Council Votes to Oppose Dinky Station Move
The borough council passed a resolution this Tuesday opposing the removal of the Dinky Station from the borough.
Council members unanimously voted to approve a brief resolution stating that they do not support Princeton University’s plan to move the Dinky station, citing the following reasons:
-The proposed move is contrary to smart growth norms
-The proposed move is contrary to state development and redevelopment plans
-The proposed move is contrary to New Jersey Transit policy
-The proposed move is not in the best interest of the residents of the borough.
The resolution will be delivered to the trustees of the university, President Shirley Tilghman, the head of New Jersey Transit and its board members, and the clerk of the township.
Except for Councilman Roger Martindell, council members did not make statements during the meeting about the resolution, which followed presentations by the Rutgers University Design Studio and private rail company URS about the potential for replacing the Dinky with a streetcar or light rail in the future.
Council President Kevin Wilkes said in a phone interview last night that the resolution was timed to be voted on before the 7:30 Princeton Regional Planning Board meeting tonight at township hall.
The planning board is reviewing the university’s proposal for its arts and transit neighborhood district on the western edge of campus and will make recommendations to the governing bodies of the two Princetons on creating the proposed new zone. But both the township and the borough governing bodies would have to approve zoning ordinances for the proposed zoning changes in each municipality.

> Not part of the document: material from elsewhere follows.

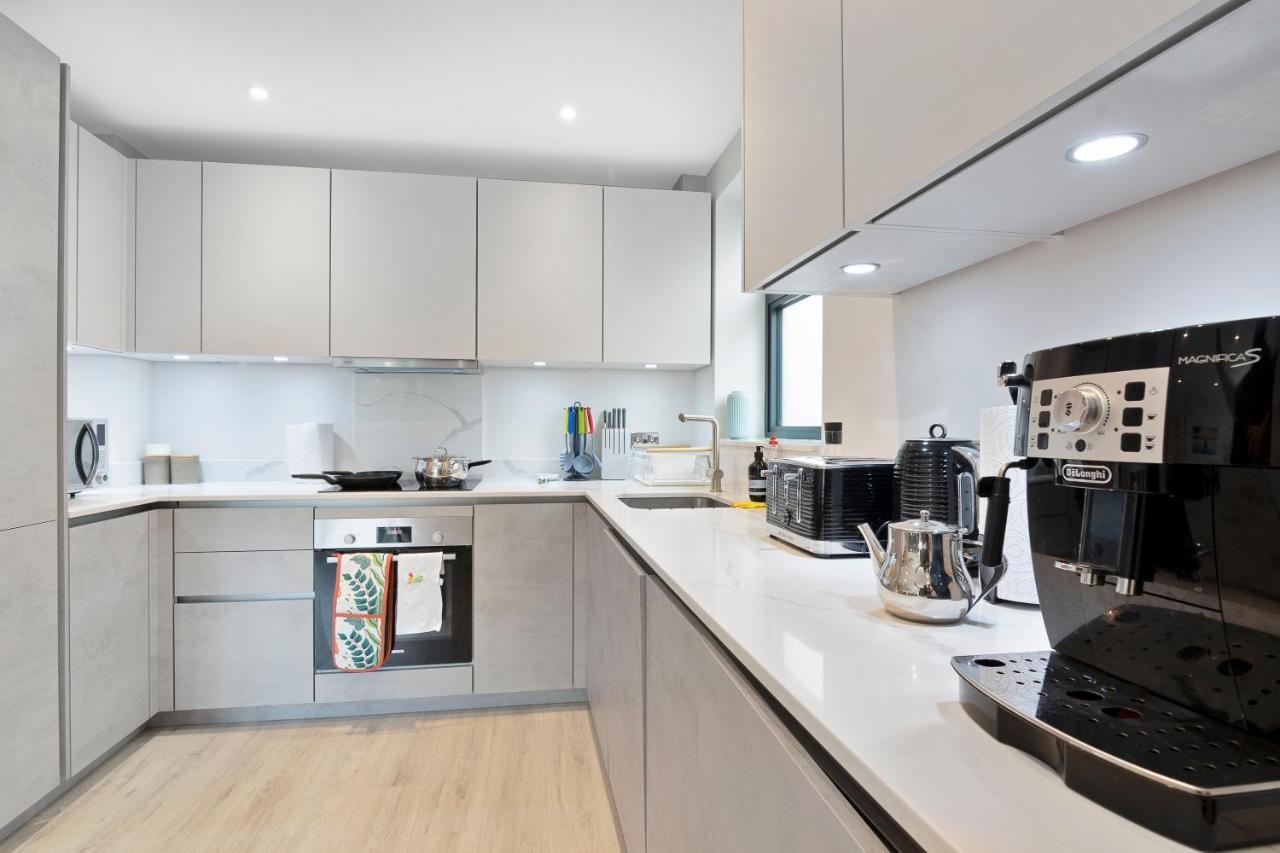 Spacious, 3 Bedroom, 2 Bathroom, Surbiton Exterior photo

“We wanted to send a clear message to the planning board that the council opposes the train station move,” Wilkes said of the timing of the resolution.
Before the vote on the resolution, Martindell said it was a “first step” in the right direction but should have gone further.

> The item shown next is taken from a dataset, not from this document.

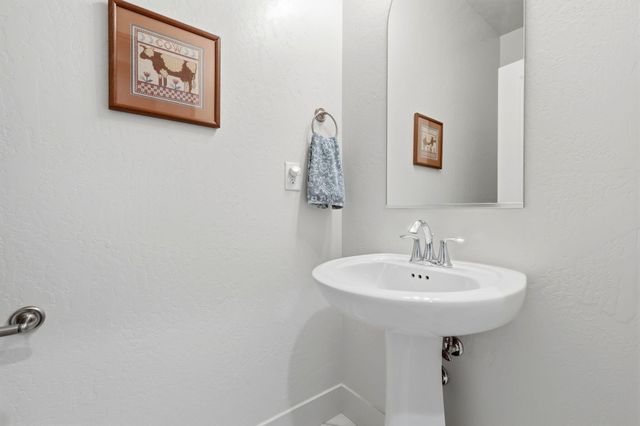 3345 W Florence Avenue, Visalia, CA 93277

“I’m concerned it might be the last step when it comes to taking a stand on the proposed removal of the railway station,” Martindell said. “This resolution is somewhat perfunctory in depth. It avoids an opportunity to do a detailed analysis of public policy and it avoids a detailed analysis of the violation of the community interest. There may be no additional platform to discuss our concerns in detail. It is too passive to be of maximum use.”
Martindell said while he was disappointed, he still supports the point of the resolution.

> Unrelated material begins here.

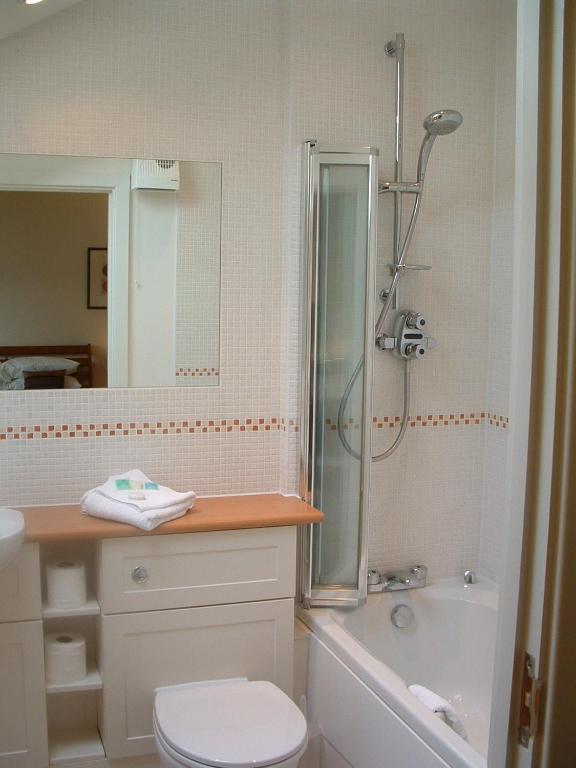Your Space - Manor House * Cambridge (Cambridgeshire)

“I hope in the next few weeks we will augment it in detail, expand and dig deeper,” he said.
It is still unclear exactly what the resolution means in terms of the borough council approving the zoning or a memorandum of understanding with the university about future transit, but obviously the resolution makes the success of either look bleak.
“We will consider the zoning as it is presented to us,” Wilkes said.
The university wants to move the station about 460 feet south of its existing location to make way for its new arts center plan and a second access road to its large parking garage. Some residents oppose the plan because it pushed the station further from the center of town. The move also shifts the station from the borough to the township.
Princeton University officials say the station must be moved for their plans to work and that keeping the station at its existing location is not an option. Even if the arts zone is not approved, they say they will still move the station.
After a tense January meeting in which Tilghman asked for a decision about the zoning, saying the university would move the arts center elsewhere on campus, university officials and representatives from the borough and township met several times to try to hammer out a compromise transit agreement in a memorandum of understanding, but the draft agreement was never approved.